Fraudsters have recently targeted Booking.com customers with a malware-based attack.
Boyd wrote about the issue last week, following our initial story, in a post on Malwarebytes blog here. His earlier take only covers the attempted fraud at the Mallorca hotel rather than the wider pattern of frauds targeting hotels booked through Booking.com that is now emerging.
Most hotels use email and fax to confirm their bookings with online travel agents and aggregators. All a scammer needs to do is intercept that confirmation email or fax to facilitate the scam, and this might be possible without the hotel becoming aware of any problem. "This is easy enough considering how secure most hotels' reception areas are," as a commentator to our earlier story noted.
Booking.com told El Reg that it was investigating the scam, repeating a holding statement made by an official rep during a TripAdvisor discussion on the ongoing fraud.
We are on top of this phishing activity and have assigned a dedicated group to investigate this.
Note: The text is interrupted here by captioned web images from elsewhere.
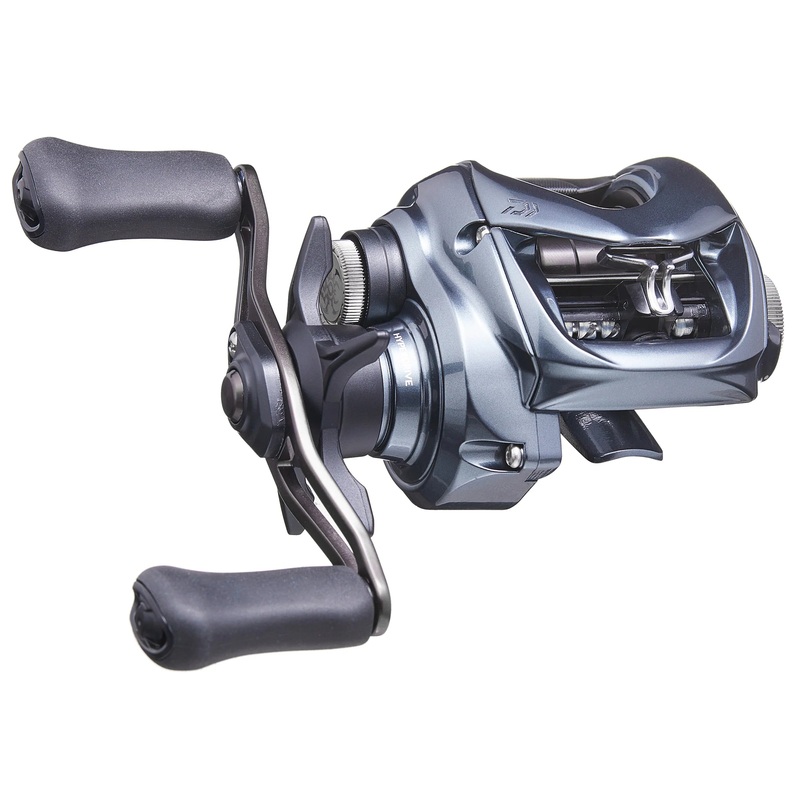 Daiwa Tatula 100 SV Casting Reels 100L 6.3:1 Left Hand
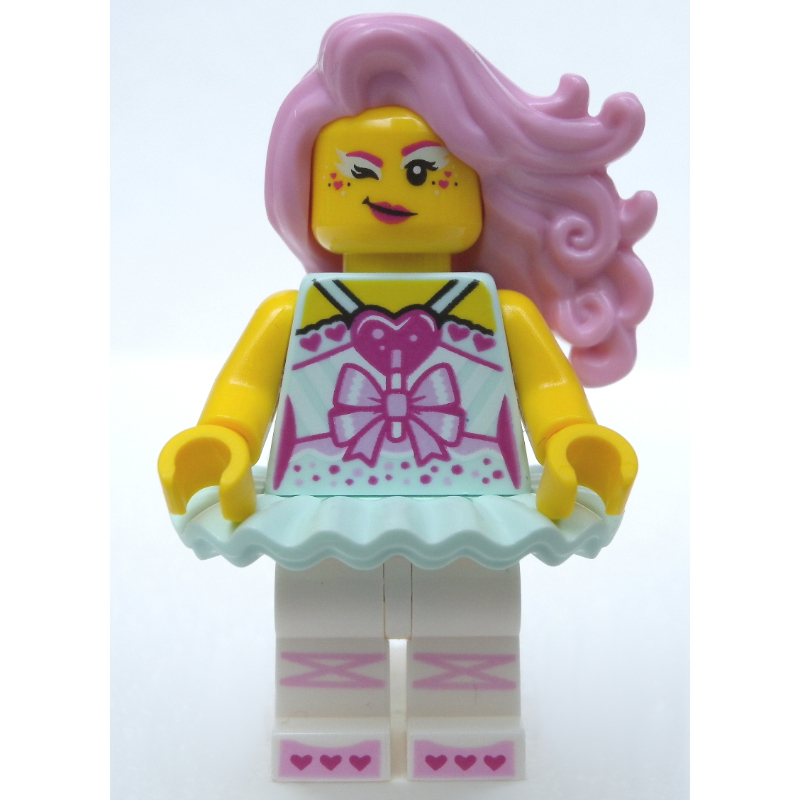 Candy ballerine (Candy Ballerina)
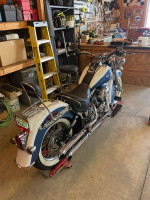 2005 Soft tail Deluxe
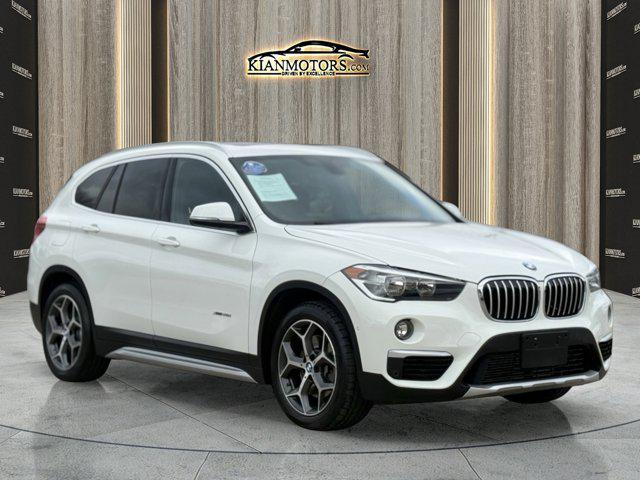 used 2016 BMW X1 car, priced at $13,988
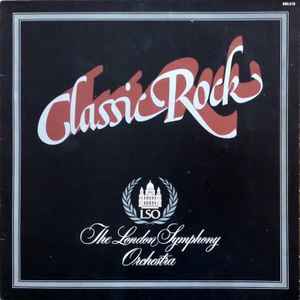 London Symphony Orchestra - Classic Rock album cover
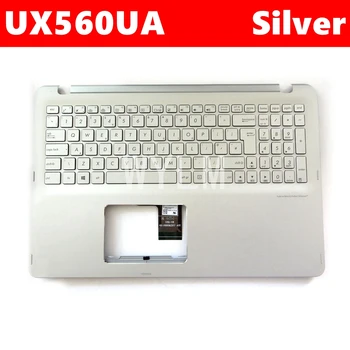 UX560UA Pentru ASUS UX560U UX UXK UQ UQK Q524UQ UQK Q534UX Bilingv tastatura laptop cadru C caz extern difuzor Extern corn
At the same time we have involved external authorities as well to help us with what we think is a criminal activity aimed at hotels and customers.
El Reg notified the two London hotels whose customers have reportedly been targeted for fraud by email, but we've yet to hear anything back from them. We'll update if we hear more. ®
Booking.com has been in touch with statement:
We are aware and on top of this phishing attack. A dedicated team is assigned to this issue in order to mitigate and minimize the risks. Booking.com has had contact with over 10,000 customers regarding the phishing activities, our customer service teams are equipped and available to support any further contact regarding this situation.
The top countries where our accommodation partners are being targeted are: United Kingdom, United Arab Emirates, Portugal, Italy, United States and France. The dedicated security teams are working with our Hotels Department and Customer Services teams to contact and support accommodation partners who may have been affected by this situation.
Our teams have worked to “take down” a few dozen phishing sites as well as working with some banks to freeze the money mule bank accounts. Our communication with law enforcement is ongoing.